* [Aim of the task]:
Transcribe the listing word for word. Begin at its first line and end with the line containing "Trilobites Crotalocephalus - Animal".
──────── Given records ────────
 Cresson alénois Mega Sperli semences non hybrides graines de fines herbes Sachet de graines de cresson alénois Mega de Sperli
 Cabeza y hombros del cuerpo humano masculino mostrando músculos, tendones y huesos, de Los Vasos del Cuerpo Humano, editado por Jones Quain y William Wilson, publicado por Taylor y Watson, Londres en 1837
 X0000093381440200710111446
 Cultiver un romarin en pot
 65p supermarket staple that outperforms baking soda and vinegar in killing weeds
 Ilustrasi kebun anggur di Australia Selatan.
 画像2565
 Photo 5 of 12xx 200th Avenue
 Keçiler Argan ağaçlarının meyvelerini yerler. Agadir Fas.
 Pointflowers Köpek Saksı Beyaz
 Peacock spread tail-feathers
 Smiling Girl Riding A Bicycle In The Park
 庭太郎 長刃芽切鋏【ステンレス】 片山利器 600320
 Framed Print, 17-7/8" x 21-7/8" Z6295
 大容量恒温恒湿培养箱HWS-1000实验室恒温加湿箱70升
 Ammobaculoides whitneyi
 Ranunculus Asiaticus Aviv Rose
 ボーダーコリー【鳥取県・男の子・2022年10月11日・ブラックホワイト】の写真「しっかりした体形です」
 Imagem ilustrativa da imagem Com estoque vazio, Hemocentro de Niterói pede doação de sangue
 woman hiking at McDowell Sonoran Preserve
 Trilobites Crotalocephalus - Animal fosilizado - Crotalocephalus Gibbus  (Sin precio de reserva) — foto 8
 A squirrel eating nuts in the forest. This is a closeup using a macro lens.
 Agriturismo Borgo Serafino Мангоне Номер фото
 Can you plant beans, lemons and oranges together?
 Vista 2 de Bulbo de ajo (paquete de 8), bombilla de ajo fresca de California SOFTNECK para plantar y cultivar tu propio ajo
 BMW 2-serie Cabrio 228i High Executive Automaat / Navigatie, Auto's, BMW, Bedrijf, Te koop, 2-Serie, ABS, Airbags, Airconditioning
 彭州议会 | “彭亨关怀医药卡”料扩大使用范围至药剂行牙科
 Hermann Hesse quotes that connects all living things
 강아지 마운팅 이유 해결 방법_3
────────
* [Response area]:
 Cresson alénois Mega Sperli semences non hybrides graines de fines herbes Sachet de graines de cresson alénois Mega de Sperli
 Cabeza y hombros del cuerpo humano masculino mostrando músculos, tendones y huesos, de Los Vasos del Cuerpo Humano, editado por Jones Quain y William Wilson, publicado por Taylor y Watson, Londres en 1837
 X0000093381440200710111446
 Cultiver un romarin en pot
 65p supermarket staple that outperforms baking soda and vinegar in killing weeds
 Ilustrasi kebun anggur di Australia Selatan.
 画像2565
 Photo 5 of 12xx 200th Avenue
 Keçiler Argan ağaçlarının meyvelerini yerler. Agadir Fas.
 Pointflowers Köpek Saksı Beyaz
 Peacock spread tail-feathers
 Smiling Girl Riding A Bicycle In The Park
 庭太郎 長刃芽切鋏【ステンレス】 片山利器 600320
 Framed Print, 17-7/8" x 21-7/8" Z6295
 大容量恒温恒湿培养箱HWS-1000实验室恒温加湿箱70升
 Ammobaculoides whitneyi
 Ranunculus Asiaticus Aviv Rose
 ボーダーコリー【鳥取県・男の子・2022年10月11日・ブラックホワイト】の写真「しっかりした体形です」
 Imagem ilustrativa da imagem Com estoque vazio, Hemocentro de Niterói pede doação de sangue
 woman hiking at McDowell Sonoran Preserve
 Trilobites Crotalocephalus - Animal fosilizado - Crotalocephalus Gibbus  (Sin precio de reserva) — foto 8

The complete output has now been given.